Daher ist jetzt ein großer Zeitdruck auf russischer Seite, rasch noch vorzustoßen, bevor diese Systeme eintreffen. Auf ukrainischer Seite wird das Kalkül dominieren: Können wir jetzt unsere letzten Reserven verschießen, um genau das zu verhindern? Können wir uns darauf verlassen, dass in den nächsten Tagen und Wochen tatsächlich mehr Munition und neue Geräte kommen?
Deswegen erwarte ich in nächster Zeit eine Zunahme der Kampfhandlungen, weil es für Russland darum geht, dieses Schwächemoment für sich zu nutzen und die Ukraine das verhindern oder begrenzen möchte.
Was sind Ihrer Meinung nach die unmittelbaren militärischen Ziele der Russen? Und wie schätzen Sie die Entwicklung in den nächsten Monaten ein?

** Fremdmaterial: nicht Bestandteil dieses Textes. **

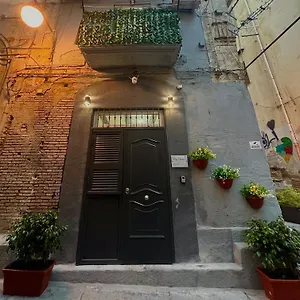 https://my-childrens-house.hotels-amalfi.com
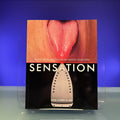 Sensation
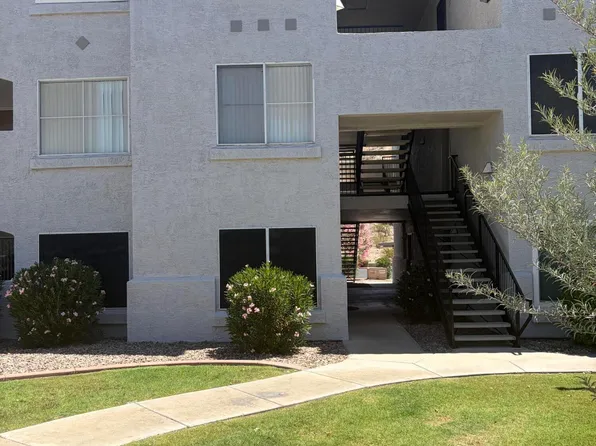 3236 E Chandler Blvd Unit 1094, Phoenix, AZ 85048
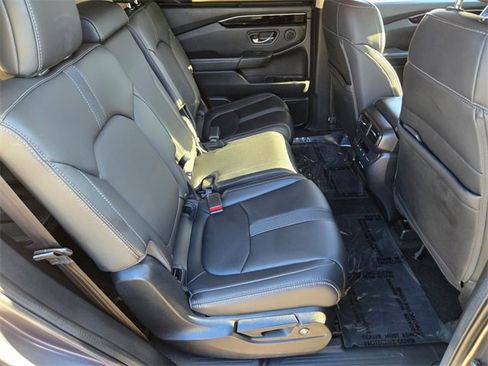 Certified 2023 Honda Pilot EX-L image 19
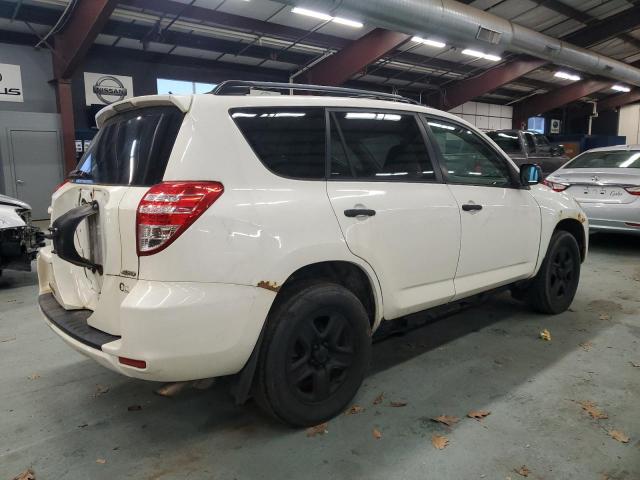 Photo 3 from auction – 2010 TOYOTA RAV4 with VIN 2T3BF4DV4AW079089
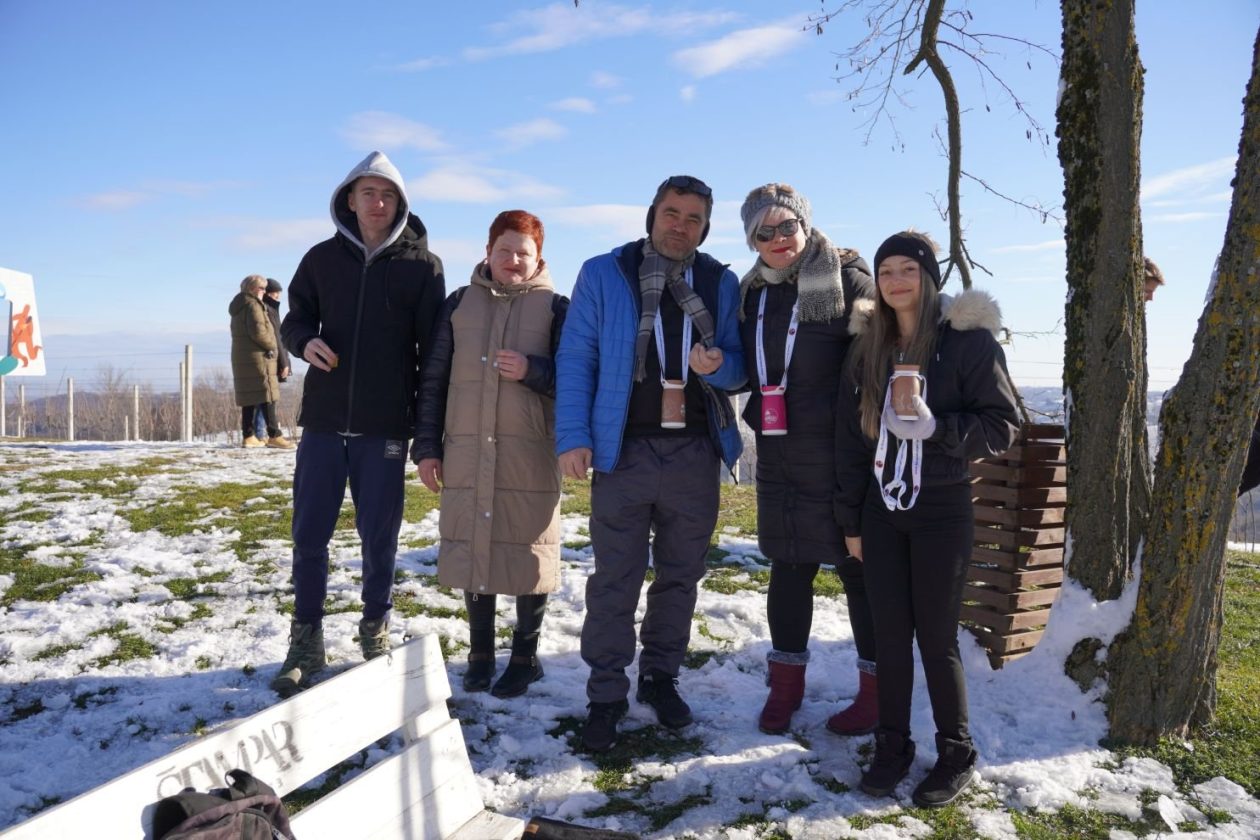 Podnevni doček Mađerkin breg (60)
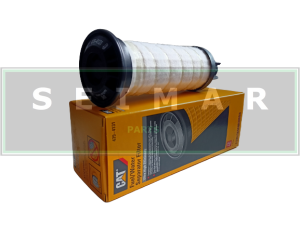 FILTR PALIWA SEPARATOR CAT 479-4131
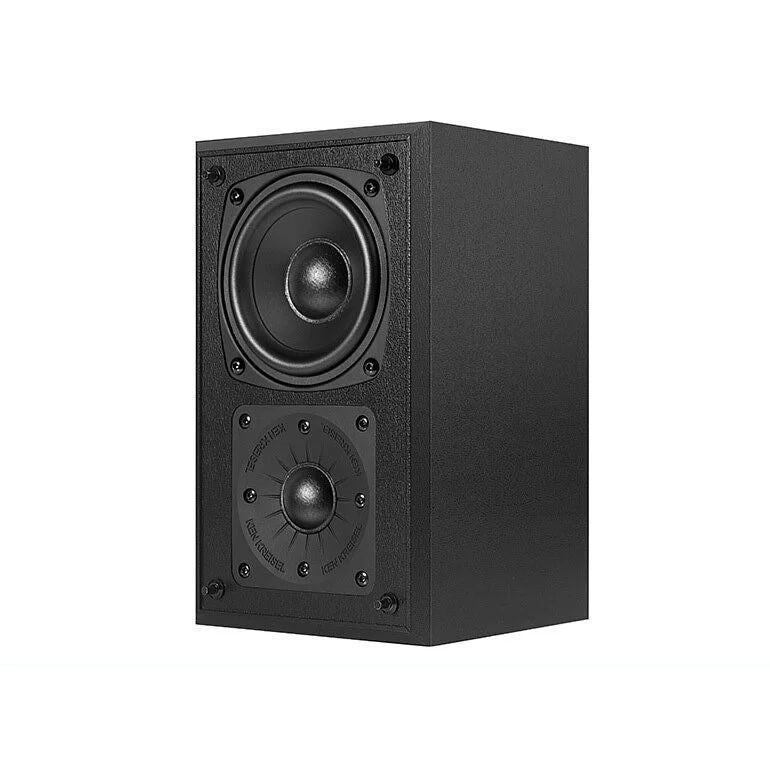Ken Kreisel A50 Main Speaker (Single) Passive Speakers Ken-Kreisel-A50-Main-Surround-Multi-Use-Speaker_2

Auf strategischer Ebene dominiert die Zielsetzung, die Ukraine weiterhin zu schwächen und in ihrer Handlungsfähigkeit einzuschränken. Deswegen gibt es immer wieder diese gezielten Luftschläge in die Tiefe, wo es darum geht, nachhaltigen Schaden anzurichten und die Bevölkerung zu zermürben. Das ist die eine Sache. Das ist die strategische Kriegführung in der Tiefe.
An der operativen Front schaut es danach aus, dass die russischen Truppen versuchen, den gesamten Donbas zu erobern und im Norden Richtung Kharkiv vorzugehen. Also Kharkiv ist noch weit entfernt, das ist mir schon klar, aber offensichtlich wird das Schwergewicht in den Nordosten verlegt. Dabei versucht man, an verschiedenen Abschnitten vorzustoßen, um bessere Ausgangspositionen für einen weiteren Angriff zu schaffen.
Gehen Sie davon aus, dass die Russen nach wie vor das gesamte Territorium der Ukraine einschließlich der Hauptstadt Kyiv besetzen wollen?
Die offizielle Zielsetzung Russlands ist unverändert. Man will diese Regierung vertreiben, man will „die Nazis“ vertreiben, das Land demilitarisieren und es gibt auch die provokante Behauptung Putins, dass die Ukraine eigentlich gar kein Existenzrecht habe. Daran hat sich nichts geändert.
Das heißt, der rhetorische politische Anspruch auf eine Dominanz über die Ukraine, in welcher Form auch immer, ist ungebrochen. Der besteht weiterhin.
Es dürfte aber auch im Kreml klar sein, dass eine militärische Eroberung der gesamten Ukraine nicht realistisch ist. Die nächsten Ziele werden davon abhängen, wie sich das Gefecht auf dem Boden entwickelt.
Aber insgesamt ist Russland in keine versöhnlichere Position getreten. Es beharrt nach wie vor auf dem Maximum und das ist eben das Einknicken der Ukraine zu Russlands Bedingungen.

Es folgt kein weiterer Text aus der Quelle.